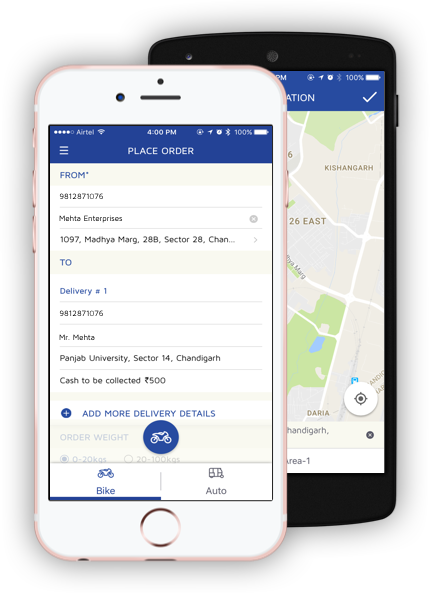 Jugnoo Delivery App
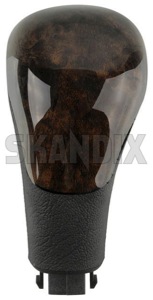 SKANDIX Shop Volvo Ersatzteile: Schaltknauf Holz 9163537 (1050585)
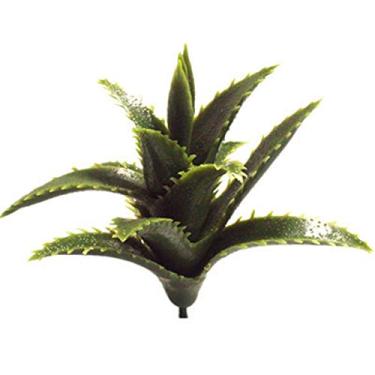 Imagem de Suculentas artificiais, JUSTDOLIFE suculentas artificiais faça-você-mesmo mini plantas suculentas artificiais realistas para decoração de casa de casamento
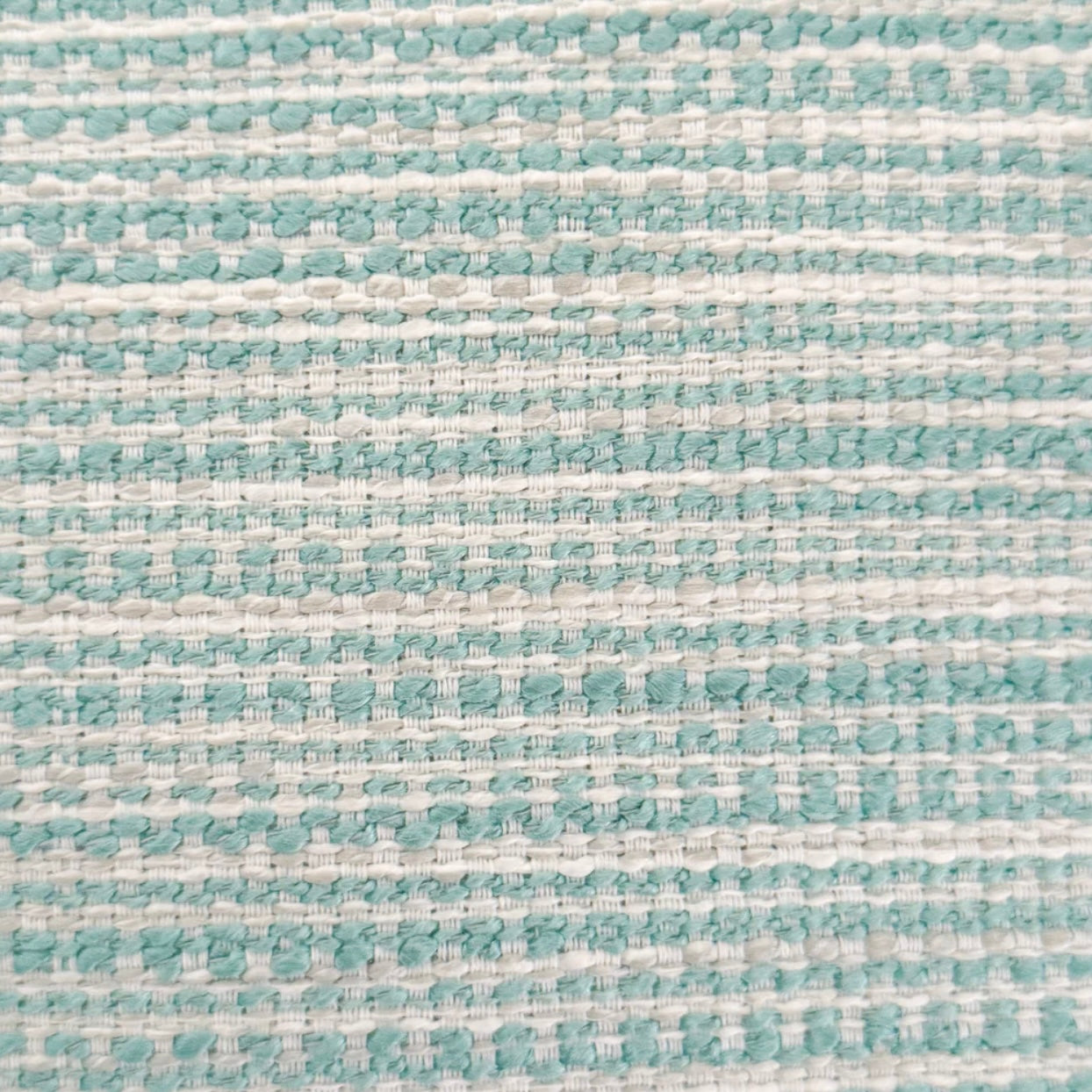 Anaya Home Bay View Aqua Indoor Outdoor Table Runner - Image 2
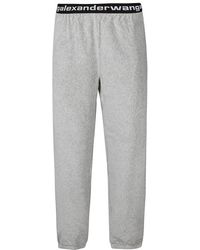 Alexander Wang Track pants and sweatpants for Women | Online Sale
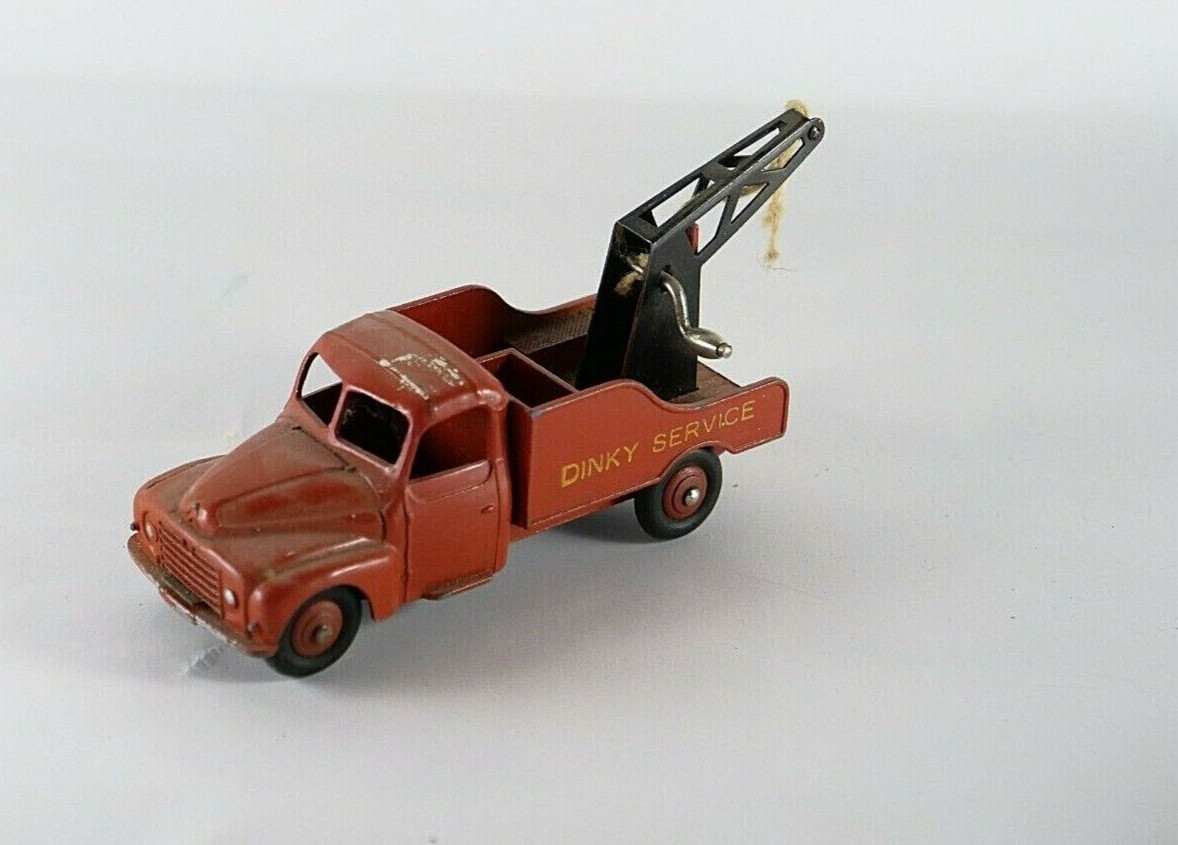 Dinky Toys Citroën U23 Dépanneuse – 1:43, N°35A, état Correct, Collection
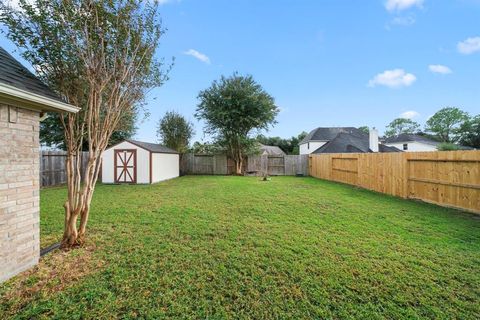 A home in Katy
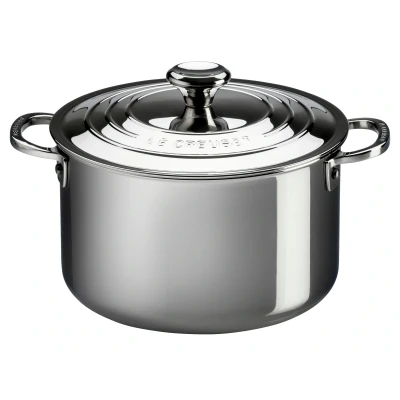 Abbildung von Le Creuset 3ply PLUS Fleischtopf Edelstahl 20cm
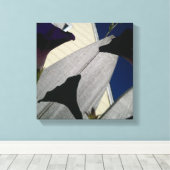 フローラ キャンバスプリント (インサイチュ (ウッドフロア))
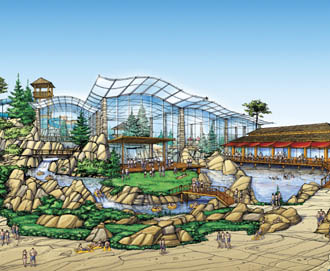 New generation Center Parcs planned for France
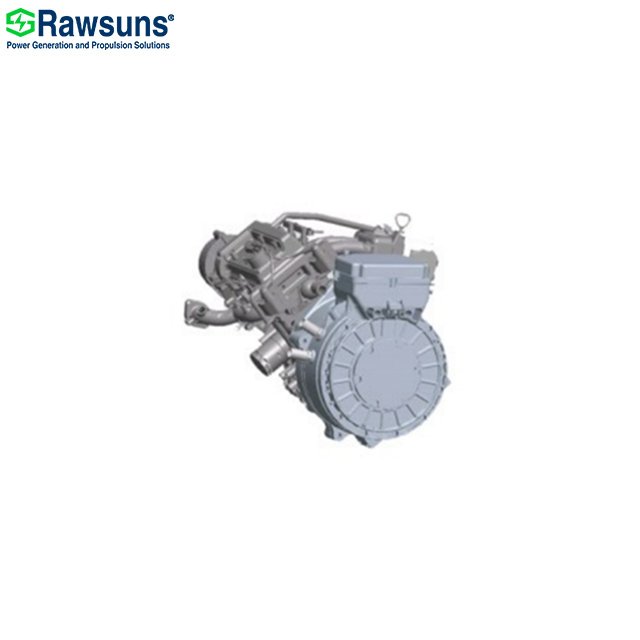 12KW 144~600V Range Extender Gasoline Generator Alternator for Ev Car 1.5 Ton Minivan, Electric Logistics Van (after-loading)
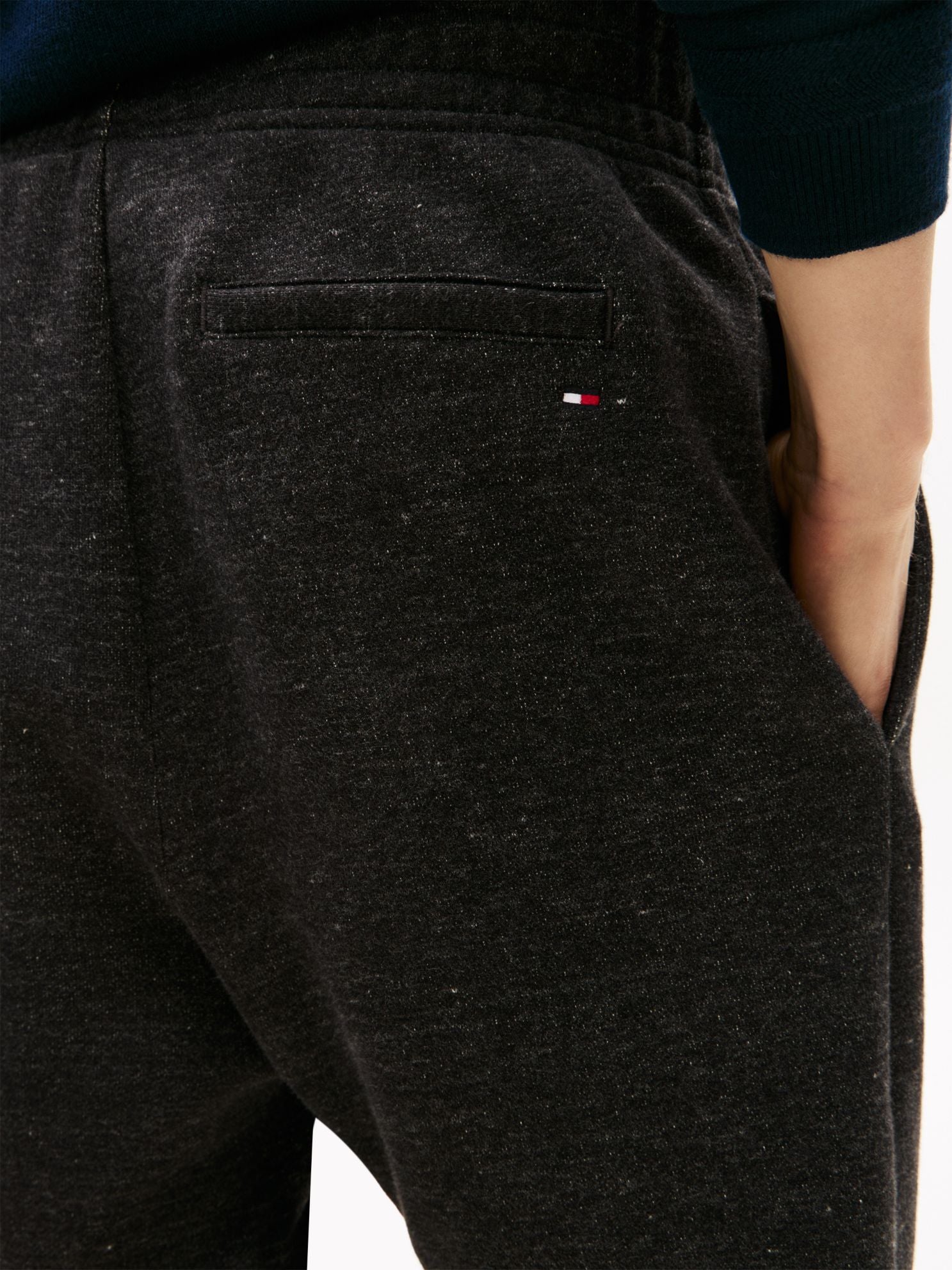 Tommy Hilfiger Hilfiger Crest Logo Heathered Sweatpant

:: Required action ::
Write the material above out again exactly. Omit every image.

:: Written solution ::
 Jugnoo Delivery App
 SKANDIX Shop Volvo Ersatzteile: Schaltknauf Holz 9163537 (1050585)
 Imagem de Suculentas artificiais, JUSTDOLIFE suculentas artificiais faça-você-mesmo mini plantas suculentas artificiais realistas para decoração de casa de casamento
 Anaya Home Bay View Aqua Indoor Outdoor Table Runner - Image 2
 Alexander Wang Track pants and sweatpants for Women | Online Sale
 Dinky Toys Citroën U23 Dépanneuse – 1:43, N°35A, état Correct, Collection
 A home in Katy
 Abbildung von Le Creuset 3ply PLUS Fleischtopf Edelstahl 20cm
 フローラ キャンバスプリント (インサイチュ (ウッドフロア))
 New generation Center Parcs planned for France
 12KW 144~600V Range Extender Gasoline Generator Alternator for Ev Car 1.5 Ton Minivan, Electric Logistics Van (after-loading)
 Tommy Hilfiger Hilfiger Crest Logo Heathered Sweatpant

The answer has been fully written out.